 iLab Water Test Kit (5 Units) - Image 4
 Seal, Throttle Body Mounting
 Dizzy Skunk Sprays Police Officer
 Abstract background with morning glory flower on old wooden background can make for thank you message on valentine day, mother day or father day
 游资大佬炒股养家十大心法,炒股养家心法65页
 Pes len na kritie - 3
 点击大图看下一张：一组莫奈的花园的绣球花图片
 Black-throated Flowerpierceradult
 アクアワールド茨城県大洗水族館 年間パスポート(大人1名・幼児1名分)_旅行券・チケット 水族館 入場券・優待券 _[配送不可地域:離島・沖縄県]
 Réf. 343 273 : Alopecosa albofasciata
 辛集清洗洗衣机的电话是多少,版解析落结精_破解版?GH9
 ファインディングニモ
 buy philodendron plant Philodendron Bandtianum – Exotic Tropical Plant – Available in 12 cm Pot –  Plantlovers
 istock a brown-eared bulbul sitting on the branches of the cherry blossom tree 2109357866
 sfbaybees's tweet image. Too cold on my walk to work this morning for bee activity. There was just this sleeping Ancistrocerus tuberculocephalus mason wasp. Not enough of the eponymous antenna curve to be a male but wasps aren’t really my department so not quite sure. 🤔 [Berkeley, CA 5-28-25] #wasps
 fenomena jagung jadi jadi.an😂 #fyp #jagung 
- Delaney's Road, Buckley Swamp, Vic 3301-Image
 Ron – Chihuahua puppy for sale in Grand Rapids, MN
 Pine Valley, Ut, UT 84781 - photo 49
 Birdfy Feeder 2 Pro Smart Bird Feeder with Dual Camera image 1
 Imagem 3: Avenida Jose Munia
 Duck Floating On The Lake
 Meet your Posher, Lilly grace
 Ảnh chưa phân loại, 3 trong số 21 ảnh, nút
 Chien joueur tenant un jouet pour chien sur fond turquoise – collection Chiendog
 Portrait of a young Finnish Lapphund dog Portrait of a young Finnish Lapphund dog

· · ·

Instructions for the task → Each record above should be returned exactly as written.

Result of this task →
 iLab Water Test Kit (5 Units) - Image 4
 Seal, Throttle Body Mounting
 Dizzy Skunk Sprays Police Officer
 Abstract background with morning glory flower on old wooden background can make for thank you message on valentine day, mother day or father day
 游资大佬炒股养家十大心法,炒股养家心法65页
 Pes len na kritie - 3
 点击大图看下一张：一组莫奈的花园的绣球花图片
 Black-throated Flowerpierceradult
 アクアワールド茨城県大洗水族館 年間パスポート(大人1名・幼児1名分)_旅行券・チケット 水族館 入場券・優待券 _[配送不可地域:離島・沖縄県]
 Réf. 343 273 : Alopecosa albofasciata
 辛集清洗洗衣机的电话是多少,版解析落结精_破解版?GH9
 ファインディングニモ
 buy philodendron plant Philodendron Bandtianum – Exotic Tropical Plant – Available in 12 cm Pot –  Plantlovers
 istock a brown-eared bulbul sitting on the branches of the cherry blossom tree 2109357866
 sfbaybees's tweet image. Too cold on my walk to work this morning for bee activity. There was just this sleeping Ancistrocerus tuberculocephalus mason wasp. Not enough of the eponymous antenna curve to be a male but wasps aren’t really my department so not quite sure. 🤔 [Berkeley, CA 5-28-25] #wasps
 fenomena jagung jadi jadi.an😂 #fyp #jagung 
- Delaney's Road, Buckley Swamp, Vic 3301-Image
 Ron – Chihuahua puppy for sale in Grand Rapids, MN
 Pine Valley, Ut, UT 84781 - photo 49
 Birdfy Feeder 2 Pro Smart Bird Feeder with Dual Camera image 1
 Imagem 3: Avenida Jose Munia
 Duck Floating On The Lake
 Meet your Posher, Lilly grace
 Ảnh chưa phân loại, 3 trong số 21 ảnh, nút
 Chien joueur tenant un jouet pour chien sur fond turquoise – collection Chiendog
 Portrait of a young Finnish Lapphund dog Portrait of a young Finnish Lapphund dog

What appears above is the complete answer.